Exclude the pictures, then repeat exactly each line from the one containing "Rolex Cosmograph Daytona" to the final line of the records that follow.

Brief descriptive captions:
::::::::::

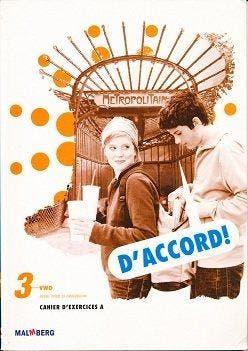 DAccord 3 VWO Werkboek 3A (502558) (per stuk), Verzenden, Nieuw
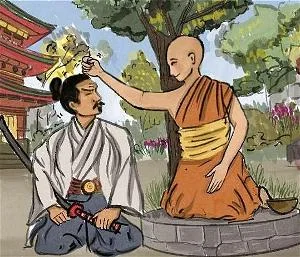 Thiền sư Và gã cờ bạc bịp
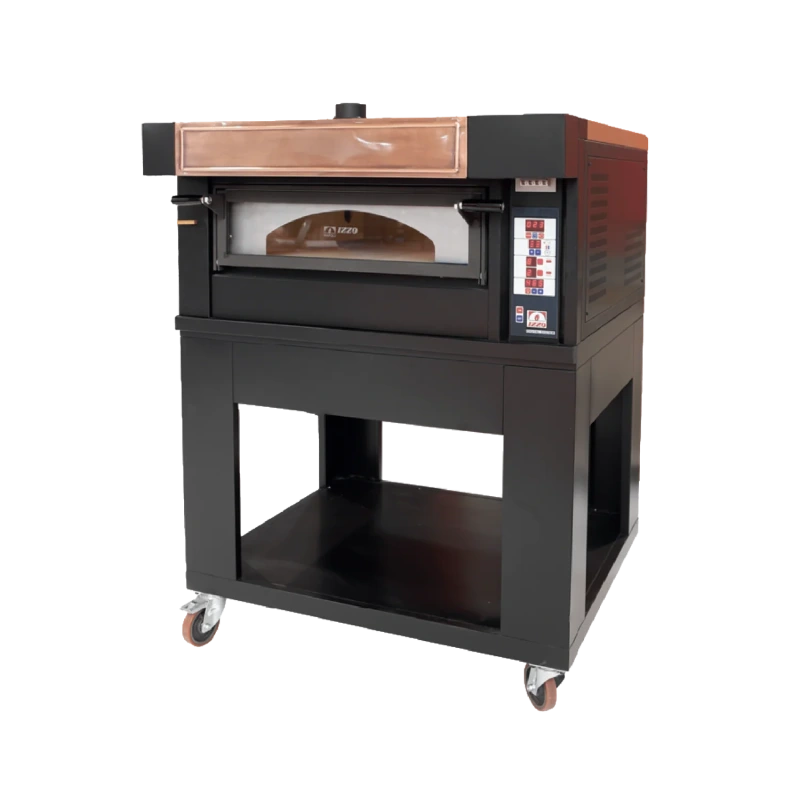Modulárna elektrická pizza pec COMPACT – IZZO Forni 2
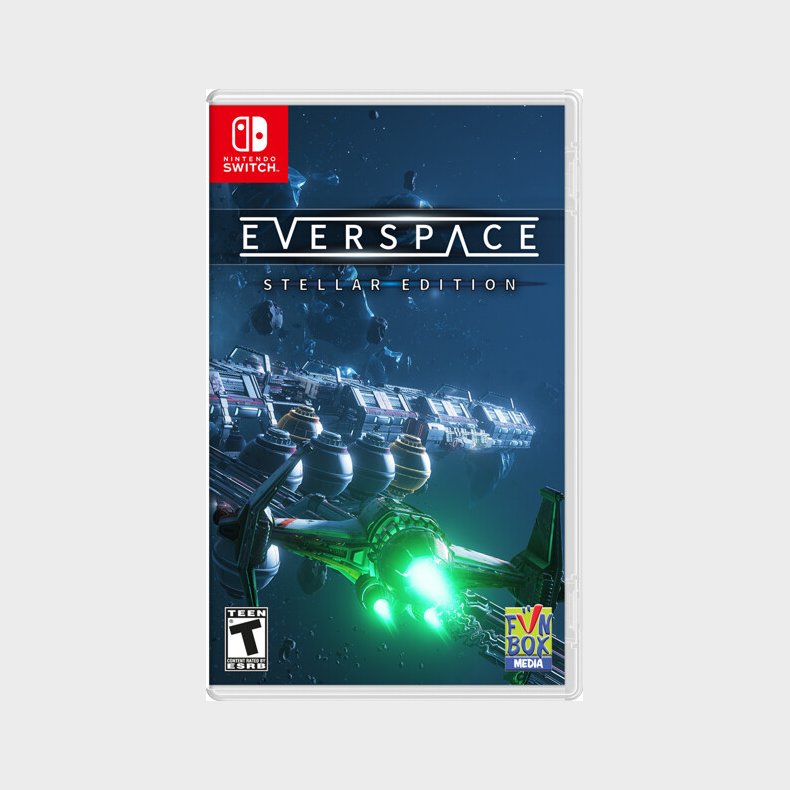 Everspace (stellar Edition) (import) - Nintendo Switch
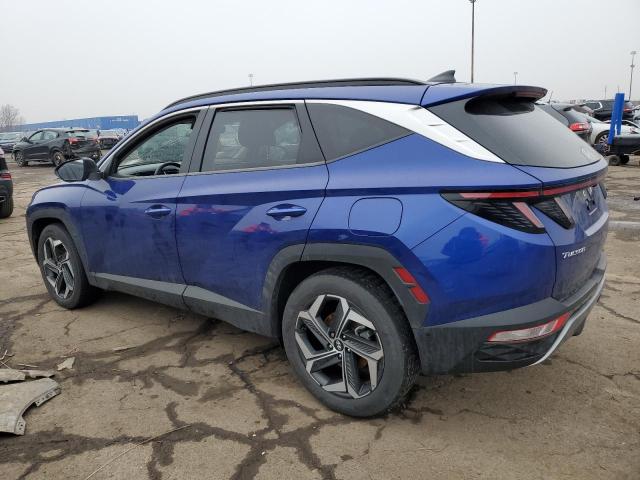 2022 HYUNDAI TUCSON LIM - 5NMJE3AE4NH075714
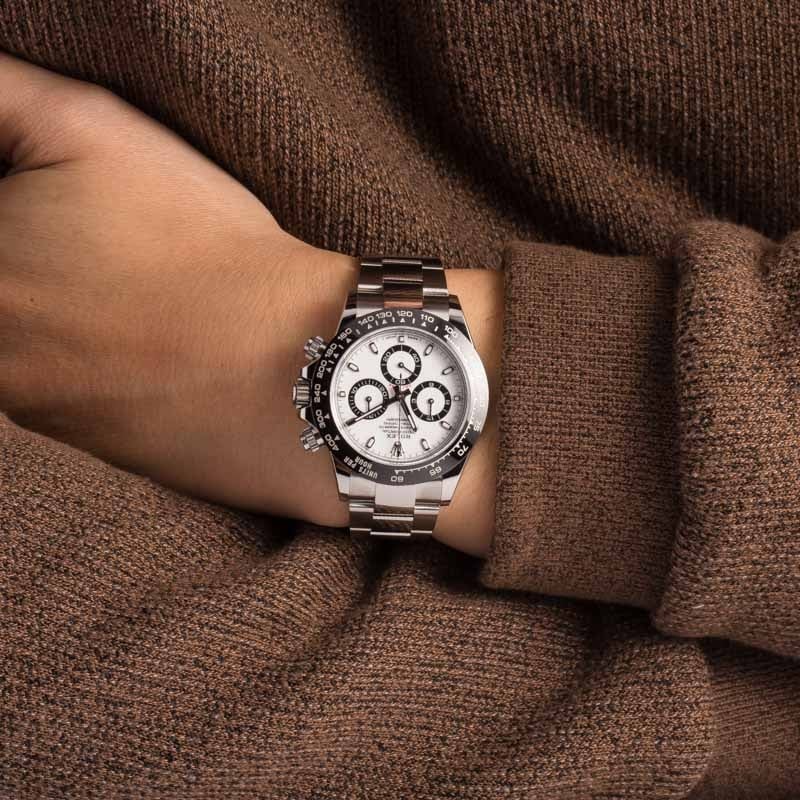 Rolex Cosmograph Daytona 116500 Ceramic Model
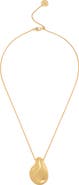 Reiss Tallula Pendant Necklace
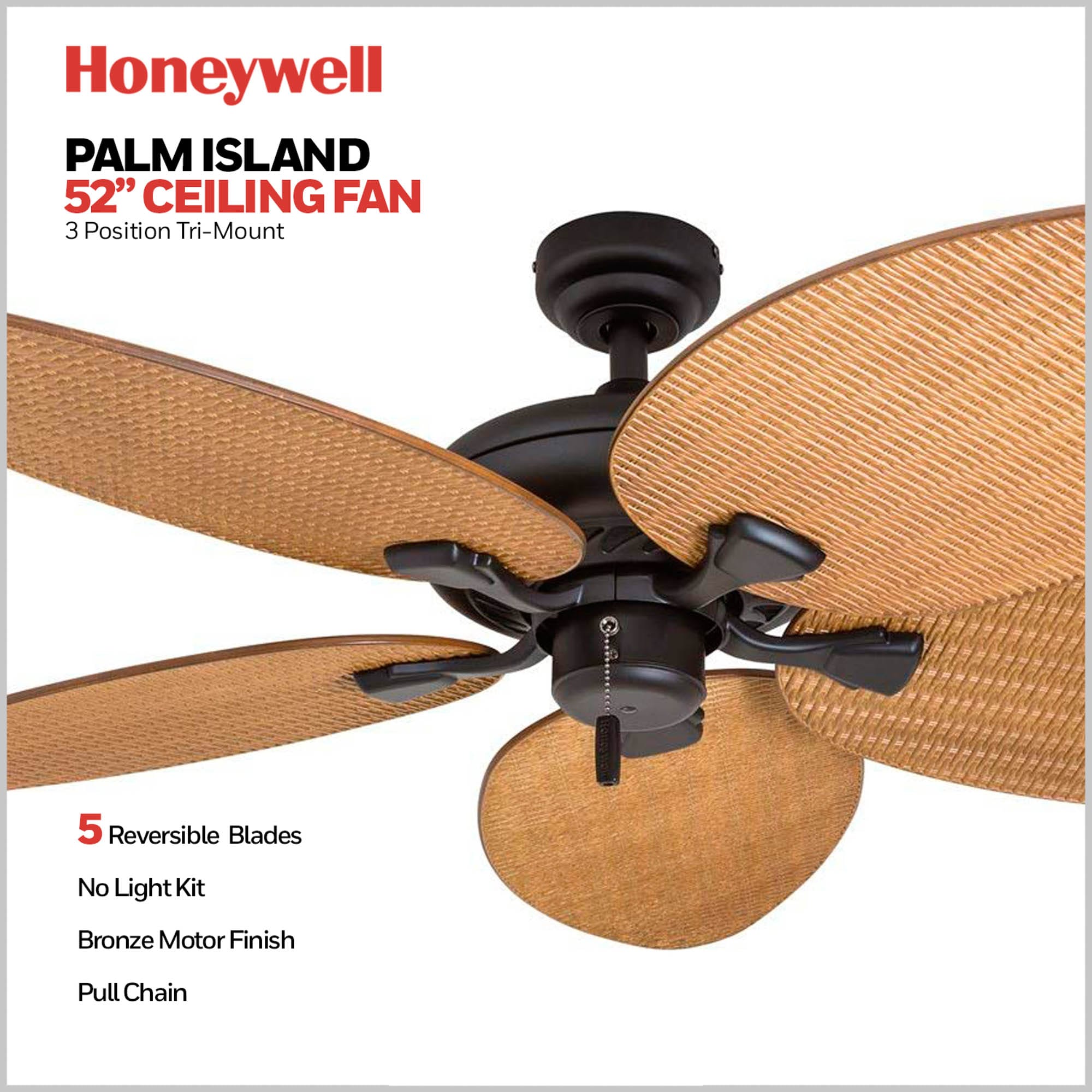 Honeywell 50505-26 Ceiling-Fans - View #4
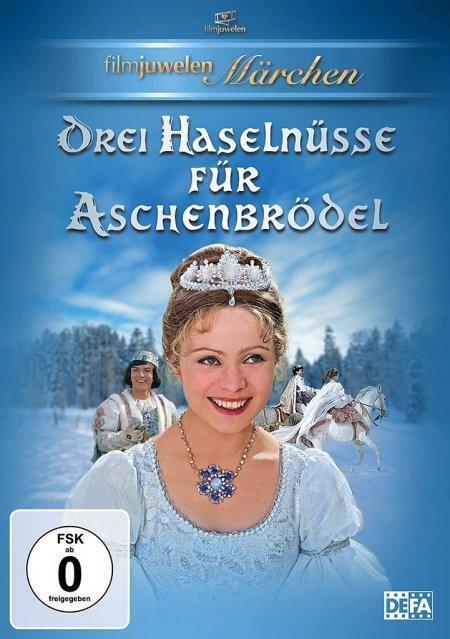 Cover: 4042564234916 | Drei Haselnüsse für Aschenbrödel | DEFA-Märchen | Nemcová (u. a.)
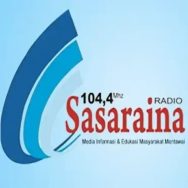 Sasaraina FM Logo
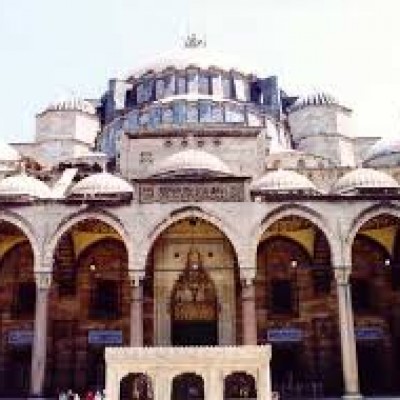 مسجد رستم پاشا
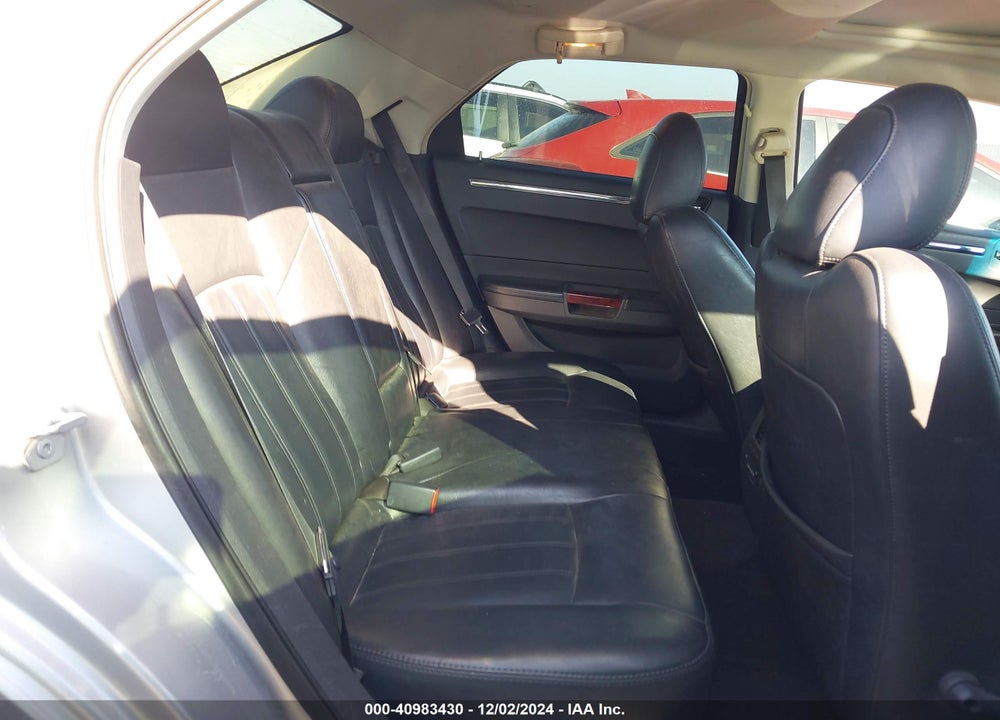 2009 CHRYSLER 300 300C HEMI VIN: 2C3KA63T69H572508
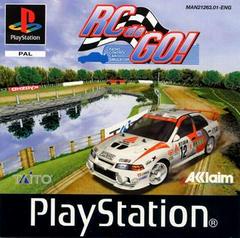 RC de GO - PAL Playstation - Destination Retro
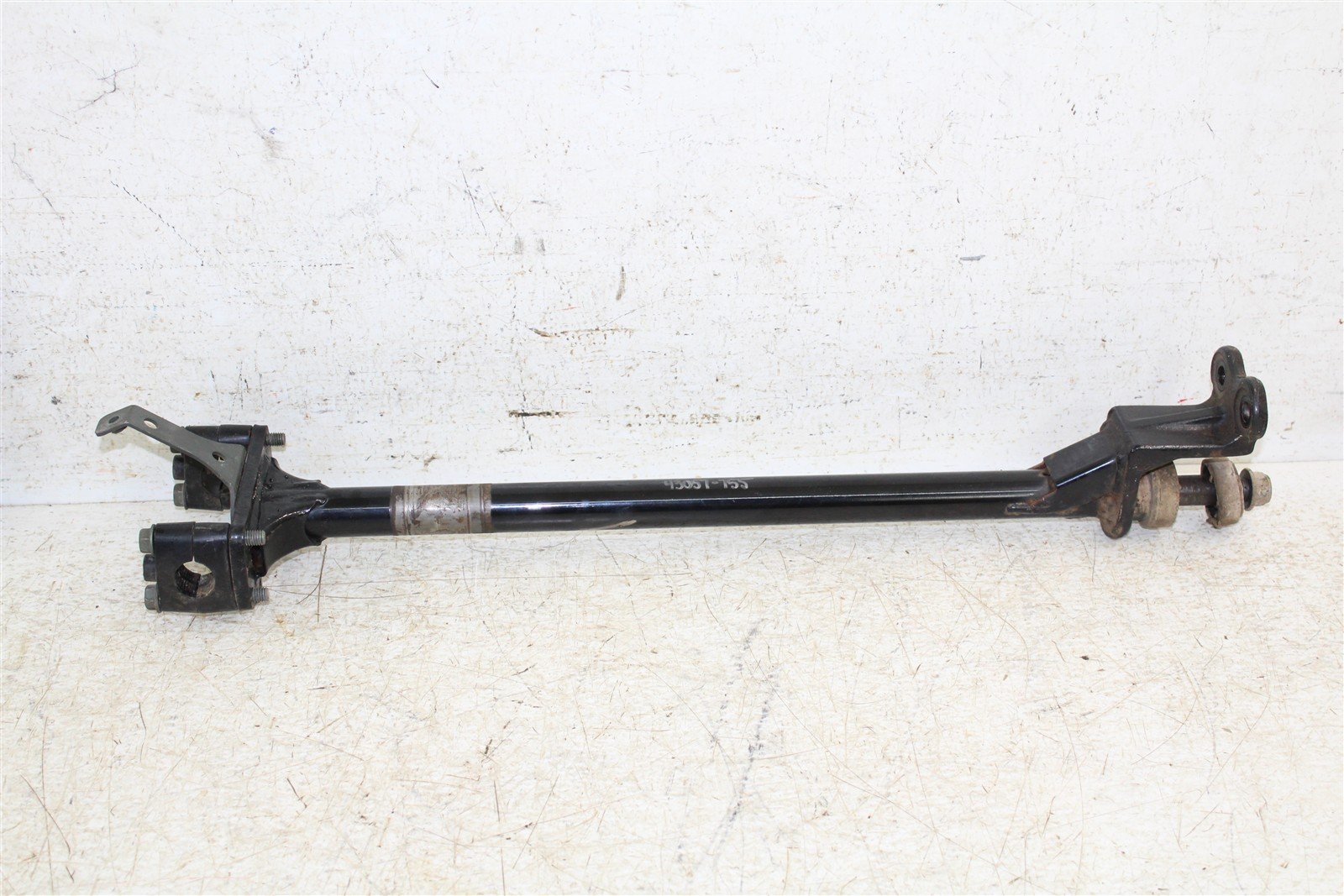2003 Suzuki Vinson 500 4x4 Steering Stem Shaft 43057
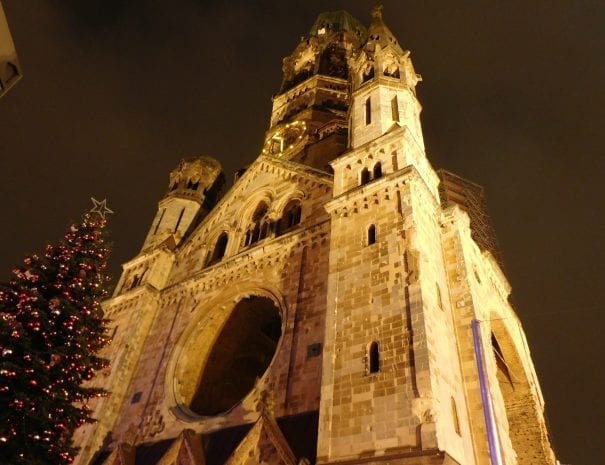 City West, Gedächtniskirche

::::::::::

# FINAL ANSWER
 Rolex Cosmograph Daytona 116500 Ceramic Model
 Reiss Tallula Pendant Necklace
 Honeywell 50505-26 Ceiling-Fans - View #4
 Cover: 4042564234916 | Drei Haselnüsse für Aschenbrödel | DEFA-Märchen | Nemcová (u. a.)
 Sasaraina FM Logo
 مسجد رستم پاشا
 2009 CHRYSLER 300 300C HEMI VIN: 2C3KA63T69H572508
 RC de GO - PAL Playstation - Destination Retro
2003 Suzuki Vinson 500 4x4 Steering Stem Shaft 43057
 City West, Gedächtniskirche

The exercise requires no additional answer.